Once I did all of that, I finally got the question about selecting all of the messages in the inbox.
I don’t know that selecting all of the messages and deleting them or archiving them is the right thing to do, but at least now you’ll have the secret to select all of the messages, if you need to.
Although Google is a lot futzier about it than they used to be, it is still possible to authorize the use of an actual email application to interact with gmail. Thunderbird, for instance, or Mailbird.
You can do an advanced search to isolate the ones you want to move and then move or delete the entire set of results all in one whack in pretty much any decent email application.
It’d take very, very long to sync all those 55k emails over to a desktop client for deletion though. If you “select all” on the web app, it will do it all serverside without having to load the individual emails first.
Note that Gmail doesn’t have actual folders but instead “labels” that you can attach to messages. If she had actual folders, she may have been using some sort of client software to access the Gmail account.
Though it may still take a long time, and, in my experience, you may have to go back and do it again a few times.
It was a lot of work clearing things out so that it woudln’t keep using of my Dad’s Google Drive space. I don’t know how you wind up with multiple gigabytes of emails even after attachments are removed, but he pulled it off somehow. Mine is much smaller, despite rarely deleting anything.

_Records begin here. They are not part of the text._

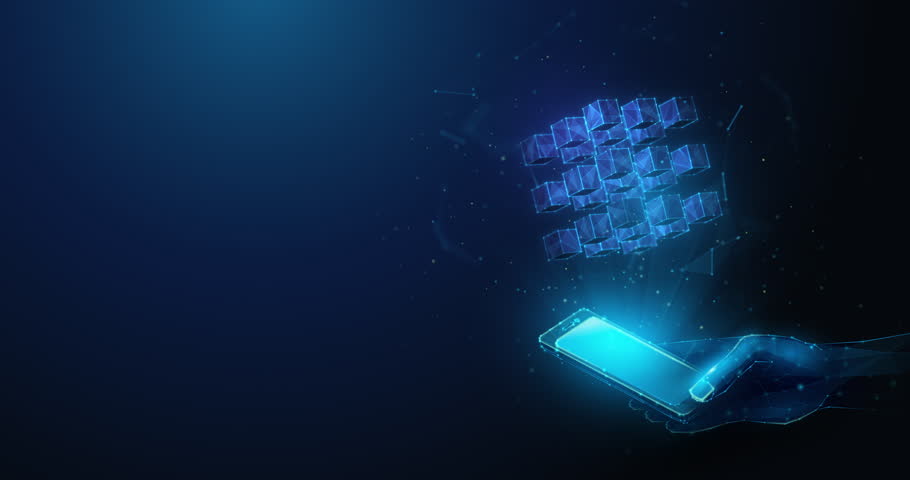 Lowpoly Blockchain Cubes Over Smartphone in Hand Seamless Animation.Cryptocurrency wallet mobile application based on blockchain technology animated looped concept by wireframe mesh on blue background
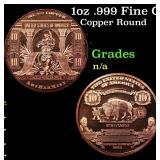 1oz .999 Fine Copper Bullion Round - $10 Bank Note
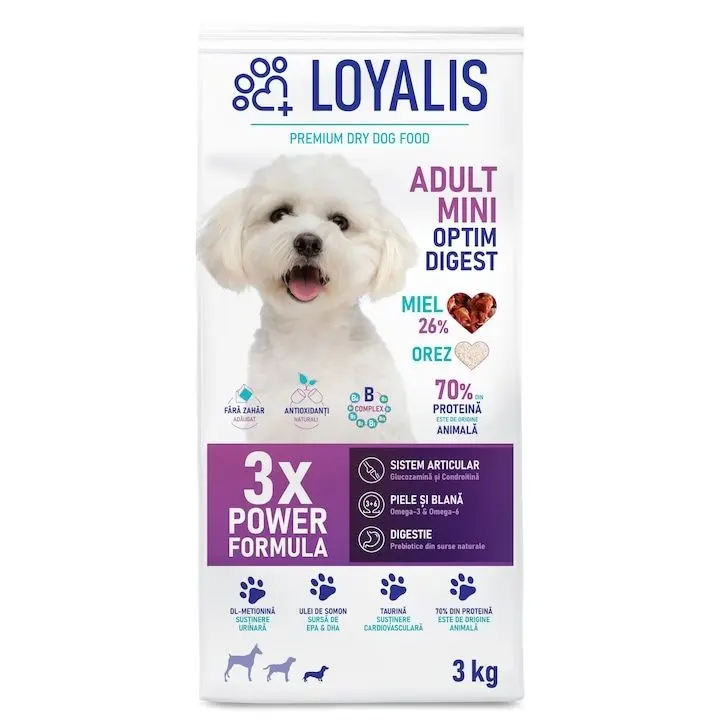 Hrana uscata premium, Loyalis, Adult, Mini, Miel, 3 kg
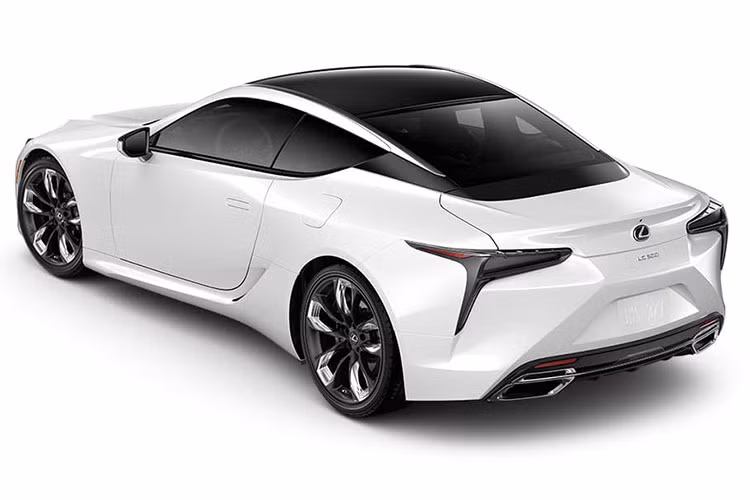 Điểm nhấn của mẫu coupe hạng sang Lexus LC500 phiên bản Inspiration Series 2024 là tông màu sơn trắng Polar Surge Satin ở ngoại thất, cùng các chi tiết đen bóng đậm chất sang trọng.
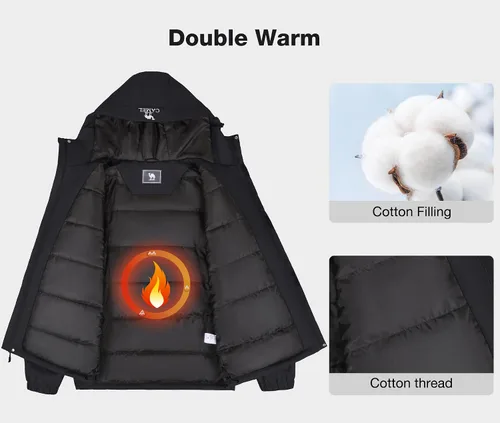 Vista 3 de CAMEL Chaqueta de esquí para hombre, abrigo de invierno, impermeable, chaqueta de snowboard cálida con capucha, parka resistente al viento, ropa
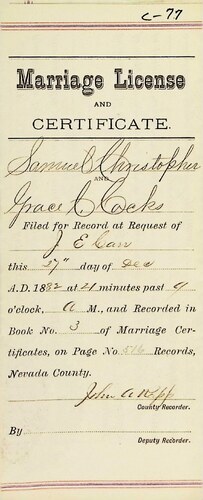 Click to see DR 6 C-77 of Marriage Certificates (DR 6 C)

If that’s the issue then I think you can sort the mail by size. That way you can delete the biggest ones first.
Not quite. You can find emails bigger than a certain size, but they won’t actually sort biggest to smallest. I did do the former for sure.
So start by finding messages larger than, say, ten megabytes and delete as many of them as possible.
Alternatively, it could be that they are labelled rather than in folders, in which case an “all emails” view would presumably include the ones she wants to keep?
I’ve never done any mass deletion from gmail so I dont know exactly how it works, but I’d be careful before just selecting everything to delete.
I did say I used that feature.
There just was a lot left. little messages add up. I still don’t know how he did it.
To rephrase what @Dewey_Finn and @DCTrekkie said: folders in GMail are not folders in the same sense as directories on a PC hard disk; they’re labels with some decoration to make them act like folders. The Inbox itself is a label. A single message can be assigned multiple labels and thus appear simultaneously in multiple “folders”, but it’s still only one message. Deletion of that message will delete it from all its “folders” at once.
I recommend you try locating a semi-important email that’s been placed in one of those “folders” in the past few months; then come back to the big list of 55000 messages and try to locate that same email message there. If it’s listed there, then deleting all 55000 messages would likely delete that message from its “folder” too.
The above description is based on using GMail in a web browser on a computer, or in the GMail mobile application. If you’re viewing GMail in a different environment, like Windows Mail or the “Mail” app on a Mac or iPhone, the model is a bit different, but you should still test on a small sample before you delete the whole Inbox contents.